Clyde considered donating one of his own kidneys. He wanted to make sure the chances of his wife's body accepting the organ were in their favor.
Giles couldn't promise the Spinners a 50-50 chance, so Clyde decided against the surgery.
Spinner stands by her husband's decision not to receive a transplant.
Dialysis worked, she said. Even today, there are no guarantees a kidney transplant would be successful, she said. She knows people who have undergone multiple procedures without success.
After Giles discharged her from the hospital in 1979, she started receiving treatments at Lynchburg Dialysis Center.
Spinner's entire world changed instantly.
Every week, she underwent several six-hour treatments at the center. She had to lose weight and learn how to cook all over again, Reid said.
In order to make all the hours she has spent in a bed or in a chair at the center worthwhile, she had watch every ounce of water that goes into her body, including pork chops.
"She has to be careful," Reid said. "It takes a little while to learn what you can and cannot have."
Clyde was by her side until his death in 2005.
It took a few years, but gradually Spinner gained control of her life.
Reid recalled her mother's 10th anniversary on dialysis when Clarence's death sentence was still floating through her mind. For a while, she was depressed and finally acknowledged why to her daughter.
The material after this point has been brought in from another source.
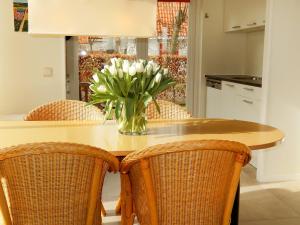 een vaas met bloemen op een tafel met stoelen bij Holiday Home Stern Comfort by Interhome in Noordwijk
"She realized, 'Oh wait a minute, I can do this,' " Reid said. "It wasn't the death sentence he gave her."
Her dialysis treatments were gradually reduced from six hours to three, and then to 15 minutes.
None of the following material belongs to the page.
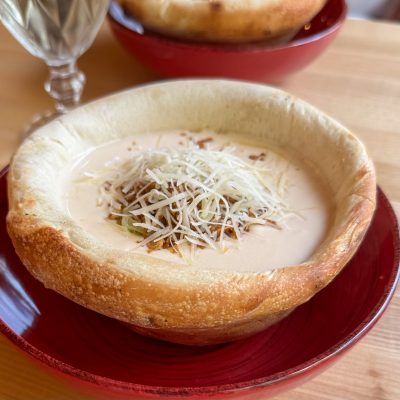 cheese soup served in a crispy bread bowl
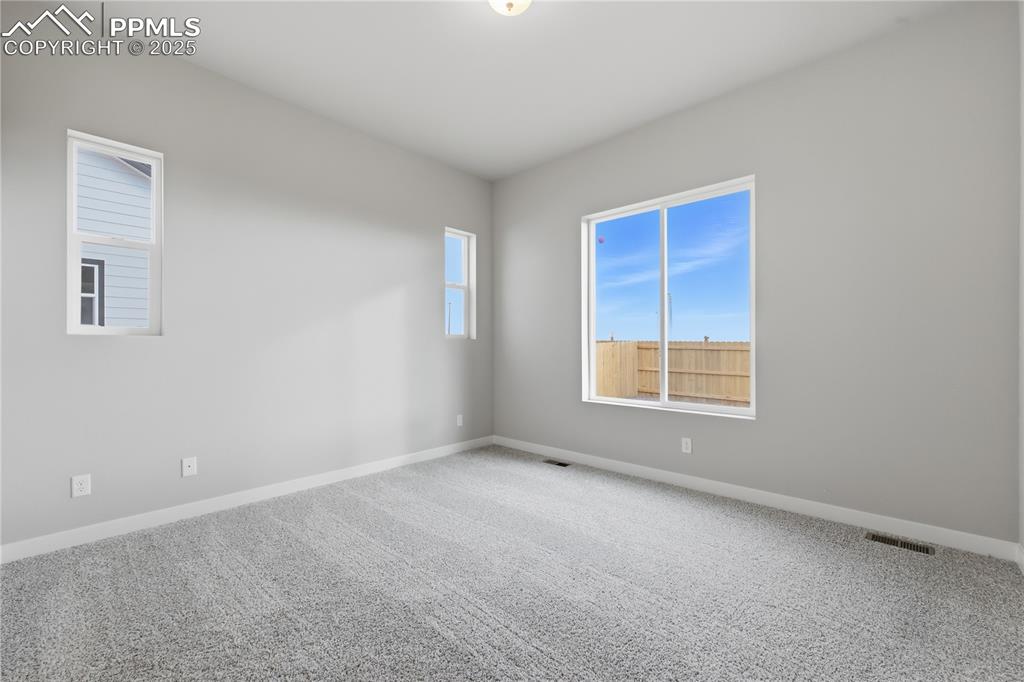 Image 16 of 29: Master Bedroom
Spinner said she doesn't sleep like some patients do. She watches her machine, and sometimes others' as well. She is quick to point out if someone's machine isn't working just right.
Spinner said she has grown to love Statesville.
On Oct. 19, the Reids called Spinner, who was still living in Lynchburg at the time, to tell her they had arrived home safely after a visit.
Hours later, they received another phone call from a family member who said Spinner had fallen and was in Lynchburg General.
Her bones had started to deteriorate, Reid said. The bone loss, coupled with a few other problems, convinced the Reids it was time for the independent Spinner to move to Statesville.
A few months ago, Reid noticed she had become less mobile and needed a lot more assistance.
She took Spinner to see Dr. Willie Whitaker, who admitted her to Iredell Memorial in April.
"He had to build her strength back up," Reid said. "She is so disciplined that she didn't take in the nutrients that she should be."
On Thursday, Reid and her husband, Ernest, stopped in around lunchtime. Spinner let him eat her pie while she ate her own chicken fingers and french fries.
"Most of us don't adhere to the rules and she's a stickler for the rules," Ernest said.
She smiled and said she knew she would be better once she got out of the hospital on Friday.
However, Friday's blood work revealed she had too much carbon dioxide.
"She is very disappointed," Reid said Saturday. "They don't what to expect because she's been on dialysis for so long. The doctors say that she is a miracle."